With a cheshire cat grin, I presented the app to our CTO of Asia (senior guy with about 10,000 people reporting to him). He started clicking everywhere except where I wanted him to click.
No. Don’t! STOP!
But he just kept clicking. The app crashed, data wouldn’t load, and mayhem ensued. He eventually handed the iPad back to me and grumbled, “This doesn’t look ready.”
He never actually saw the new features we had built. I was devastated, embarrassed, and wanted to crawl under a rock, but I had also learned an important lesson.
Take Care of Your Stuff
Don’t make someone else pick up after you.
Typically I’ll hear software engineers argue that it’s too hard to change their mindset from coding to testing.
That is why we have a testing team, right?
Bullshit!
I’m not asking you to walk, rub your tummy, and chew gum at the same time (it is harder than you think). I’m asking you to literally spend five minutes testing what you built and what you should be proudly standing behind.
Just because the city has street cleaners, doesn’t mean you should toss your candy wrapper onto the ground.
Don’t make someone else pick up after you.
We need to do better.
And we can.
How To Perform Your Own 5-Minute Sniff Test
The 5-Minute Sniff Test is the first line of defense against the “I will just hand over anything” mentality.
It means before you hand over your feature, stop, take a deep breath, clear your mind, and for the next 300 seconds, test what you just built.

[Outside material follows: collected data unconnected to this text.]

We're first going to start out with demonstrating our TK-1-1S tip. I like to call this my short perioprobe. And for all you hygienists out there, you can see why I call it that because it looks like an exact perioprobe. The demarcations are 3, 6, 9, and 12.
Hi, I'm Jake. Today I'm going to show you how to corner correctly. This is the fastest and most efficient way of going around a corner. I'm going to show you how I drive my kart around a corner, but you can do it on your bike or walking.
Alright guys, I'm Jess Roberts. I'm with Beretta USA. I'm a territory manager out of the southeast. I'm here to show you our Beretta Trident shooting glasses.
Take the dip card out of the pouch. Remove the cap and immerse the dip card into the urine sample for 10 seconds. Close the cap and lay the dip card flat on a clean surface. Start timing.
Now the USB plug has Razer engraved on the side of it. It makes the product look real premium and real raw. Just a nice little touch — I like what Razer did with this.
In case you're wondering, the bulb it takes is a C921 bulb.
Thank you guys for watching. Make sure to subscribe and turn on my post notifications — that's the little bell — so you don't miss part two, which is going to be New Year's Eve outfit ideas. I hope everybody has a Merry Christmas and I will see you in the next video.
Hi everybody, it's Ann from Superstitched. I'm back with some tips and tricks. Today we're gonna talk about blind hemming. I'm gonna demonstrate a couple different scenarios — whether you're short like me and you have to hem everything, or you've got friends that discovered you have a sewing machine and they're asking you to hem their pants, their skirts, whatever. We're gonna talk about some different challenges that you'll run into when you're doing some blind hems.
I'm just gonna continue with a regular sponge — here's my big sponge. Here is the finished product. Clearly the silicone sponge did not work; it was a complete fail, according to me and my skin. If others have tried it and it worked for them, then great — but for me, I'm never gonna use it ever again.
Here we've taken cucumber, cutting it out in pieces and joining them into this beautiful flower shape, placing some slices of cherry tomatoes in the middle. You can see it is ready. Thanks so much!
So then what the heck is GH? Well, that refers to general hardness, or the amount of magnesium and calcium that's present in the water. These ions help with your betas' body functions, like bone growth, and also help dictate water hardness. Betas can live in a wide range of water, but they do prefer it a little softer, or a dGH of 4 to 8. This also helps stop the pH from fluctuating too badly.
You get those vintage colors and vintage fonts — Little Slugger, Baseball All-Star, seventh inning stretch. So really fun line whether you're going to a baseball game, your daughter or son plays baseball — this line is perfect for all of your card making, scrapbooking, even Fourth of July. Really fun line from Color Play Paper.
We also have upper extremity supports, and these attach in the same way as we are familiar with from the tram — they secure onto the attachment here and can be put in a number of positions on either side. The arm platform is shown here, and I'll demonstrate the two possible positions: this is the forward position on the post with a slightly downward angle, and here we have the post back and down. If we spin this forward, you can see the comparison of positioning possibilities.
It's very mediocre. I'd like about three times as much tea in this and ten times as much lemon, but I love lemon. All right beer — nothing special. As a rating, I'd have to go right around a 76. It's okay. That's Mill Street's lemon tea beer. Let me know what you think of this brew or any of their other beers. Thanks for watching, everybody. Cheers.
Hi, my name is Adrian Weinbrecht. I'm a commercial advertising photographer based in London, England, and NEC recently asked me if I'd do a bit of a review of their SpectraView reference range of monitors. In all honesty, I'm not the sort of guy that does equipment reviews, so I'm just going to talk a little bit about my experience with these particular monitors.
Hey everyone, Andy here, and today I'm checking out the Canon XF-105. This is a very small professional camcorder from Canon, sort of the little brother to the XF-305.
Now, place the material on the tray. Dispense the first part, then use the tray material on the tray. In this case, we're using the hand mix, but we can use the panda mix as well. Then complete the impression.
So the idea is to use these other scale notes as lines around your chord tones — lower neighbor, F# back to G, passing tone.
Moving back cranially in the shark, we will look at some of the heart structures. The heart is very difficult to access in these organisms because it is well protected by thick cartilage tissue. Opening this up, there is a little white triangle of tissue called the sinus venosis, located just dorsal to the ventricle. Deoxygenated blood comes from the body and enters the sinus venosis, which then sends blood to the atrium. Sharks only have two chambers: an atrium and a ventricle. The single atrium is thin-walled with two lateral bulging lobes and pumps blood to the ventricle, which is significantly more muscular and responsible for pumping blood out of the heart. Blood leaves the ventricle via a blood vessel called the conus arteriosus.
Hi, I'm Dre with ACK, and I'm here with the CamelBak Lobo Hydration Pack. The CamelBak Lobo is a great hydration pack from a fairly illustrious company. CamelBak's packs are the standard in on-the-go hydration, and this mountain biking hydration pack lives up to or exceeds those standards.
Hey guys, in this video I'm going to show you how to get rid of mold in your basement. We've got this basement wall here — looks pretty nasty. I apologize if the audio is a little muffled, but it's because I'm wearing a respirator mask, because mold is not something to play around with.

- Outside the Box — 90 Seconds: Did you step outside of your engineering shoes and test from a user’s perspective? Does the feature look nice and feel right, aside from the requirements? I’ve painted myself into corners arguing a feature is valid because it is “what the requirements asked for.”
- Check Your Unit Tests — 30 Seconds: Do all the unit tests pass, and is there full code coverage? You can’t test everything by hand, so automated unit tests are vital for code quality. The 30 seconds allotted isn’t to create the unit test, but just to verify they pass. You should also consider failing the build if the unit tests don’t pass, which would allow more time for the obvious.
- The Obvious — 190 Seconds: Did you test all the obvious cases? For example, if the pressed button should cause unicorns to dance across the screen, be sure to test if pressing the button actually makes unicorns dance across the screen. Do I get any errors in the logs, do rainbows show even though that isn’t part of the requirements (although it should be, because that would be awesome), and what happens if I double click the button? Review the requirements and make sure everything adds up. For example, did you catch that the total number of seconds listed here equals 310 instead of 300 seconds? Let’s correct “The Obvious” to 180 seconds.
Five minutes is all it takes to make sure you’re not handing over shit. If all else fails, grab a colleague and ask them to sniff around.
Looking Ahead
In his book “Blink,” Malcolm Gladwell relates the story of interviewers making snap judgements about the quality of a candidate within the first five seconds of meeting. The interviewer continues to subconsciously reinforce their initial impression by subjectively weighing the candidate’s answers towards their bias.
In other words, your first impression is your last impression. I don’t believe I ever fully recovered my reputation with the CTO of Asia after that bad first impression.
Performing the 5-Minute Sniff Test to check your shit takes very little time, but it can be of tremendous benefit to you, your colleagues, and your company:
- It helps you build a Reputation for excellence and quality,
- It Respects your partner in crime, the Tester, and
- It is more Efficient with everyone’s time.
When everything looks and feels right after the 5-Minute Sniff Test, go ahead and hand off the feature you are proud of and can stand behind. You’ll have a thankful Tester, and have built yourself a reputation as an awesome engineer.